Initially, we were going to use Google’s spreadsheet because we could all edit it in one place, but we encountered a few problems. Some of the data in the Microsoft Excel spreadsheet when opened in the Google spreadsheet would overlap into other columns, making it hard to read. Additionally, there would be the occasion where data that was present in the Excel sheet was missing in Google’s spreadsheet. As another point, we all had the same version (2013) of Microsoft Excel pre-downloaded on our laptops which made Microsoft Excel compatibility easy. It was unanimously decided that we use Microsoft Excel to input data. However, we also decided to use Google Drive to save and share our data on a cloud. Google Drive also updated us via email anytime one of us contributed to our shared folder.
We created three folders in google docs to organize our saved spreadsheets and other files.
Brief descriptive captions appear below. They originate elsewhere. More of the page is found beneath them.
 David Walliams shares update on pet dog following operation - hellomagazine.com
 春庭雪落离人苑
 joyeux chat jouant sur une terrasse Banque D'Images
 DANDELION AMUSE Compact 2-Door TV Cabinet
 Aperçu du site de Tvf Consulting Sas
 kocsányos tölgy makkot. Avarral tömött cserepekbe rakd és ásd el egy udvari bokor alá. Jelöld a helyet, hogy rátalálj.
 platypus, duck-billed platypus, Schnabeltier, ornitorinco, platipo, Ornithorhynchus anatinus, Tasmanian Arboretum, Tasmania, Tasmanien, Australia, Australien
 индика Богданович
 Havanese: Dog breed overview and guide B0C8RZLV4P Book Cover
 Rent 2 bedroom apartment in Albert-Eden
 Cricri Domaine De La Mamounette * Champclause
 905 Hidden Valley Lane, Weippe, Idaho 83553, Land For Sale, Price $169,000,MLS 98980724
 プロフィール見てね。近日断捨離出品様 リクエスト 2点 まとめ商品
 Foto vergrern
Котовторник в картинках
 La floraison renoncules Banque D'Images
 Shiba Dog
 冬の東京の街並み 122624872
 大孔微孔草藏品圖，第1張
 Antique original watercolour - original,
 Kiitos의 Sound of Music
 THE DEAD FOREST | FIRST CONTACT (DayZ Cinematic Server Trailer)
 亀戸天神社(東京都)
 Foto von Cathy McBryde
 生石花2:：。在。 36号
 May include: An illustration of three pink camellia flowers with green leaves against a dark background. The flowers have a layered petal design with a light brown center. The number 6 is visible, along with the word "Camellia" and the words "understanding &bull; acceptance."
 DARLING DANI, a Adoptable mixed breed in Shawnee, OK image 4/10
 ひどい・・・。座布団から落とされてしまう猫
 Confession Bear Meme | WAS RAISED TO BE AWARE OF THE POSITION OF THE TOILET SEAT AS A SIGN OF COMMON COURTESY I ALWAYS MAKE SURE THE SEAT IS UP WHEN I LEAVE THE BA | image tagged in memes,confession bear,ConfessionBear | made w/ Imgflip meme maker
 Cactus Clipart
These three were ‘1st DH Raw Data’, ‘2nd DH Raw Data’, and ‘DH Meeting Docs’. The third folder held our meeting minutes, or what our discussions were when we met and what goals we discussed to have done before we next met. Both the first and second raw data folders had sub folders of ‘checked’ and ‘unchecked’, where the previously naming convention came in handy. Additionally, both raw data set folders had their respective index card scanned copies were saved there. In doing this, we kept all files organized well and were able to share files efficiently. Although we all saved the most recent files to our desktops and to a shared USB drive for backup, Google Drive assured that our updated and previous files were in one place that we could all access from any computer.
As of July, our research interns officially began coding the data extracted from the note cards.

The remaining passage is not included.